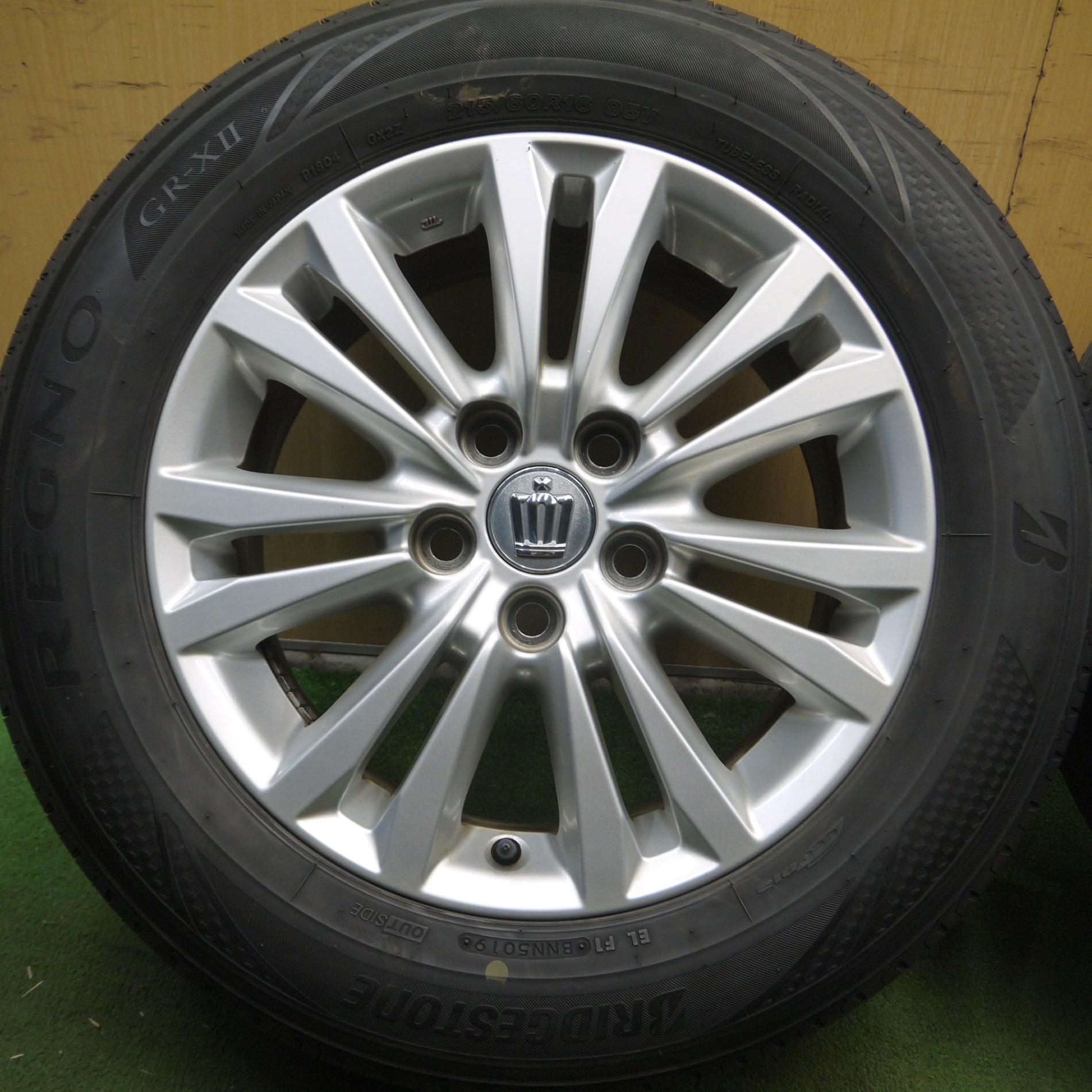 送料無料* キレイ☆トヨタ 210系 クラウン ロイヤル 純正 215/60R16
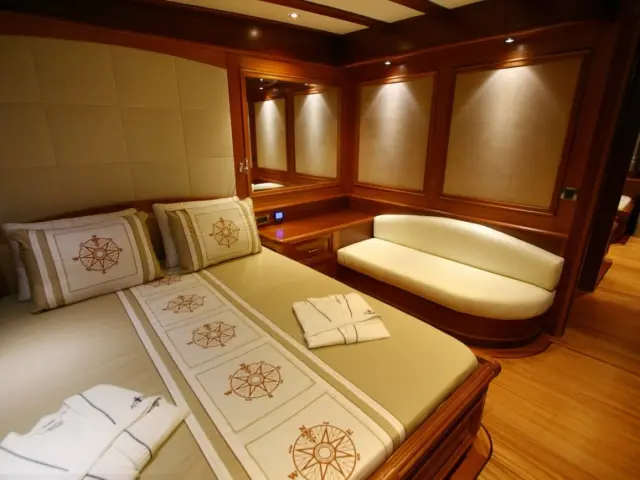 gulet-kaya-guneri-v-013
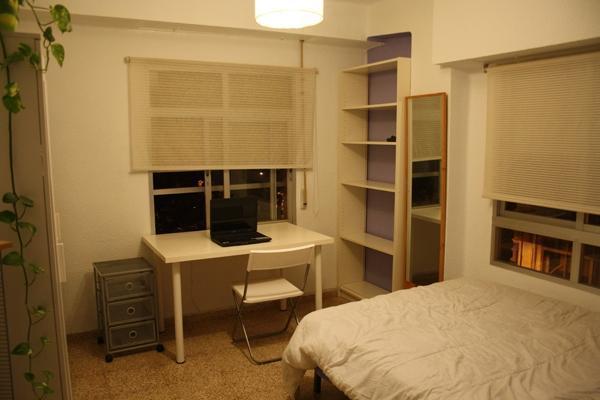 Se alquila acogedor piso por habitaciones en Valencia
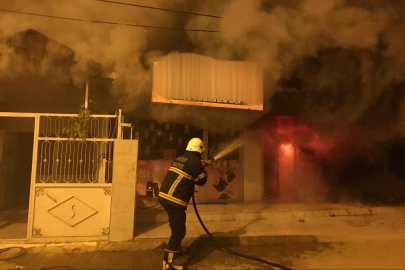 Hatay'da iş yerinin kundaklanması güvenlik kamerasına yansıdı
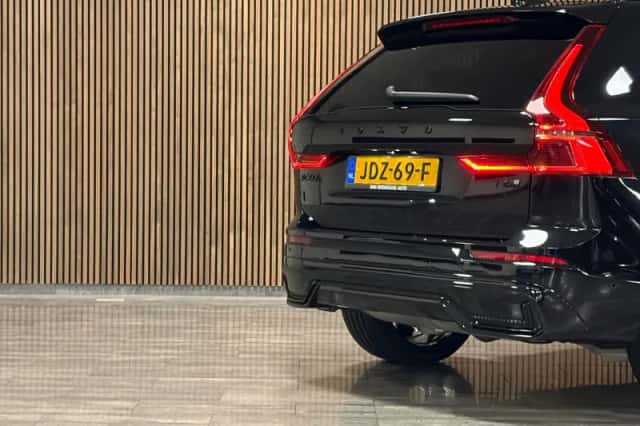 Volvo XC60 (2025) thumbnail 10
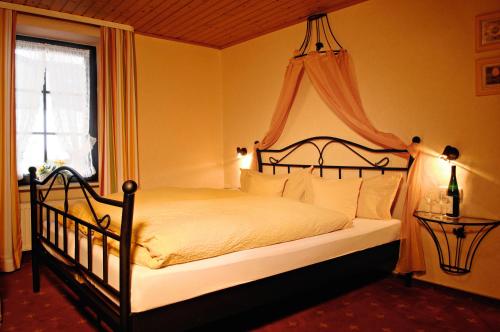 Łóżko lub łóżka w pokoju w obiekcie Alte Weinschänke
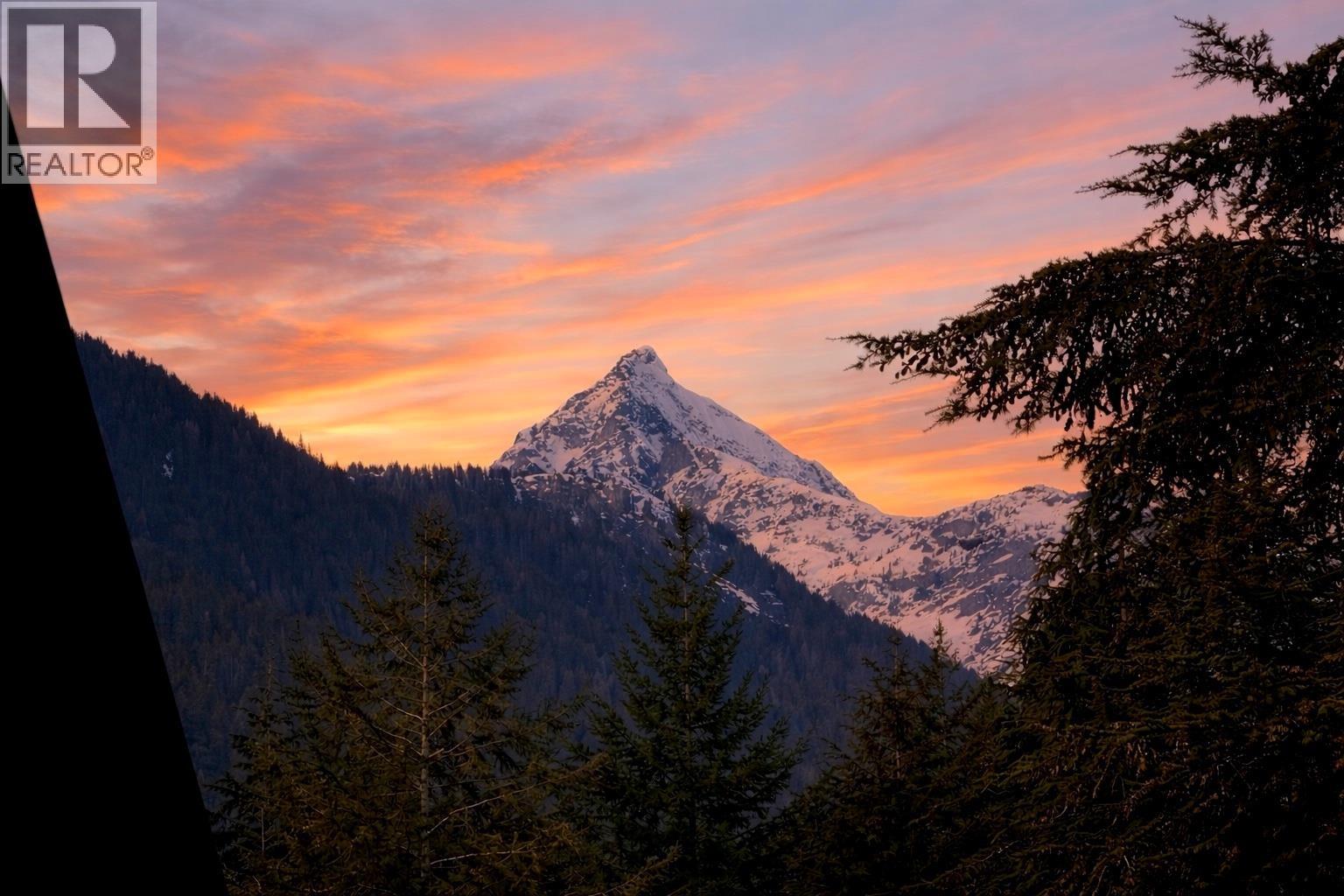 1212 PARKWOOD PLACE, Squamish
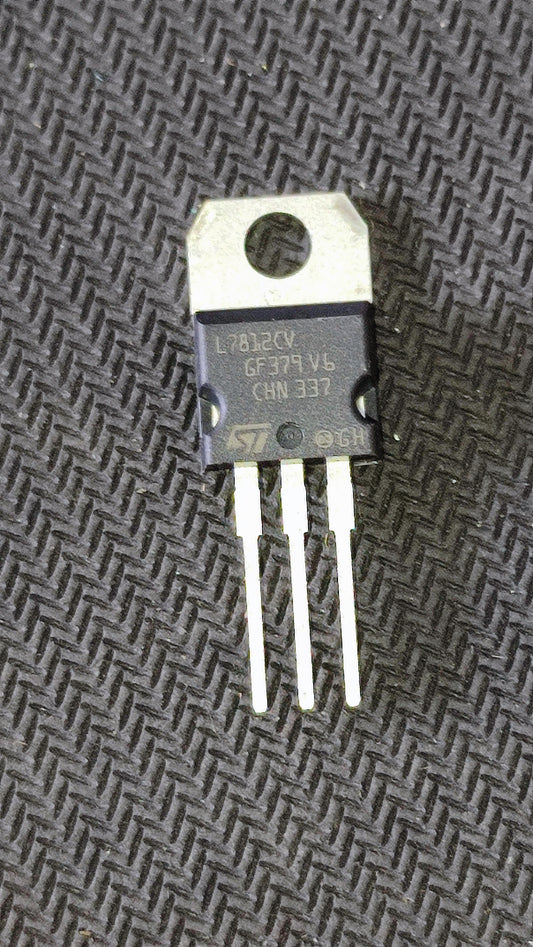 L7812CV-DG ST 12V 1.5A TO-220 VOLTAGE REGULATOR 7812 ETA1017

··········

Could you print the whole listing again, exactly, leaving the pictures out?

◆ Exercise response ◆
 送料無料* キレイ☆トヨタ 210系 クラウン ロイヤル 純正 215/60R16
 gulet-kaya-guneri-v-013
 Se alquila acogedor piso por habitaciones en Valencia
 Hatay'da iş yerinin kundaklanması güvenlik kamerasına yansıdı
 Volvo XC60 (2025) thumbnail 10
 Łóżko lub łóżka w pokoju w obiekcie Alte Weinschänke
 1212 PARKWOOD PLACE, Squamish
 L7812CV-DG ST 12V 1.5A TO-220 VOLTAGE REGULATOR 7812 ETA1017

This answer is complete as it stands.